* **Directions**
Which lines below hold the word "Gift"? Copy all of them.

* **Supplied records**
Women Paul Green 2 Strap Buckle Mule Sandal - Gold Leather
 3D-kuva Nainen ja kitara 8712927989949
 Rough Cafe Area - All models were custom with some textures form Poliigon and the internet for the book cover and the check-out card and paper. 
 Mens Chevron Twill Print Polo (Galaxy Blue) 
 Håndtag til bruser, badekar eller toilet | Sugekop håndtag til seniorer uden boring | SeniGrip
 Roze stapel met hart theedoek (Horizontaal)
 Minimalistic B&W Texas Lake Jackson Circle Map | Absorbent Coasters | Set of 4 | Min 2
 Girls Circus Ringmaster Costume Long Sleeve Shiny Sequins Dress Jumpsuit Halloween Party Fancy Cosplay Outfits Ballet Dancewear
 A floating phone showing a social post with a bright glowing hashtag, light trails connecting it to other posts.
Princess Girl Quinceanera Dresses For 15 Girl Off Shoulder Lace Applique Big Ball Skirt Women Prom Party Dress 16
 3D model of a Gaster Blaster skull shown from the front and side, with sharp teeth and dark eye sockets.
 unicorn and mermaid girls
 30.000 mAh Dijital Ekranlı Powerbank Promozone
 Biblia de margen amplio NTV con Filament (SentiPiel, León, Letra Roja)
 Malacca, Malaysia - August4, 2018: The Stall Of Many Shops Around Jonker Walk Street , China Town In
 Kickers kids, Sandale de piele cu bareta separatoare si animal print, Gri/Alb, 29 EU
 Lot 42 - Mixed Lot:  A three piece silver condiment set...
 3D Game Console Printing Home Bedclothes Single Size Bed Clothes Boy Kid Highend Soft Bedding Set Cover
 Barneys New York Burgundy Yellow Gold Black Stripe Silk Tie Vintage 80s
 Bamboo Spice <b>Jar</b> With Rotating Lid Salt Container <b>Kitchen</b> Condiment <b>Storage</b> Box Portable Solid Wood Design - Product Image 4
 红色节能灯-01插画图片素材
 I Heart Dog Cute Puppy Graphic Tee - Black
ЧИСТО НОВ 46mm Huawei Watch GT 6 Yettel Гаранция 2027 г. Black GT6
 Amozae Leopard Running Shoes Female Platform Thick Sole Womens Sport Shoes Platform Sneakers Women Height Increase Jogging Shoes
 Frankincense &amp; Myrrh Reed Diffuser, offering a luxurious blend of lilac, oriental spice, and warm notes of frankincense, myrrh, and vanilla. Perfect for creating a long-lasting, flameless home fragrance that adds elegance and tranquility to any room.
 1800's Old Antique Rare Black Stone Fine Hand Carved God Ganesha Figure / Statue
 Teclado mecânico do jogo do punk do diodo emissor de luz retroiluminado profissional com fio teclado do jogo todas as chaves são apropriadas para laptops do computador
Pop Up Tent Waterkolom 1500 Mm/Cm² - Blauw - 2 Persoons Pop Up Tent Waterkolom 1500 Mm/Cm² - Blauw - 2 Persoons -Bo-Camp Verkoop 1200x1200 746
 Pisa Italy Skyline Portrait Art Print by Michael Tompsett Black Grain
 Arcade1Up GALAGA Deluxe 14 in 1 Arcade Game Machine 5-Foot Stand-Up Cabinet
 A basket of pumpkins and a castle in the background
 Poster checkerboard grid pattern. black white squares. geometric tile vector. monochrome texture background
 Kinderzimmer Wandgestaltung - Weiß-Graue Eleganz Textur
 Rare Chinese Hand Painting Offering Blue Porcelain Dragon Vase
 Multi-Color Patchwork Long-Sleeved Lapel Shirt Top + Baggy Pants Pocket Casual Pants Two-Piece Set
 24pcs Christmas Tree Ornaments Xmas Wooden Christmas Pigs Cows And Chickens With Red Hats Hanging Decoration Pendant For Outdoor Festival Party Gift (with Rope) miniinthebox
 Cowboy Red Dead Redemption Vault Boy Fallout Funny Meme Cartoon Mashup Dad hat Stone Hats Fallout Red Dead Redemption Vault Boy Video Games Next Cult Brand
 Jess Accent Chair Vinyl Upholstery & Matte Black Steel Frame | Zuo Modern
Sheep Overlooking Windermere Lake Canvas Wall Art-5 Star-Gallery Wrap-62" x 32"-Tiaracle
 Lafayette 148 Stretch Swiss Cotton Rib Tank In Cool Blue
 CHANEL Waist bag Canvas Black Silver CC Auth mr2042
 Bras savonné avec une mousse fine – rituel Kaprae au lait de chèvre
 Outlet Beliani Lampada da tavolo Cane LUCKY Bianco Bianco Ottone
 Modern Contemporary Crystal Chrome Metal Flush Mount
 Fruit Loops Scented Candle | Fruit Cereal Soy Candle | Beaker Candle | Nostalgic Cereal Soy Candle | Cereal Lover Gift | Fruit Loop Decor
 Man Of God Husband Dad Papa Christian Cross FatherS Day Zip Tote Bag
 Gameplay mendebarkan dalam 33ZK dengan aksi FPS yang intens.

* **Answer section**
 24pcs Christmas Tree Ornaments Xmas Wooden Christmas Pigs Cows And Chickens With Red Hats Hanging Decoration Pendant For Outdoor Festival Party Gift (with Rope) miniinthebox
 Fruit Loops Scented Candle | Fruit Cereal Soy Candle | Beaker Candle | Nostalgic Cereal Soy Candle | Cereal Lover Gift | Fruit Loop Decor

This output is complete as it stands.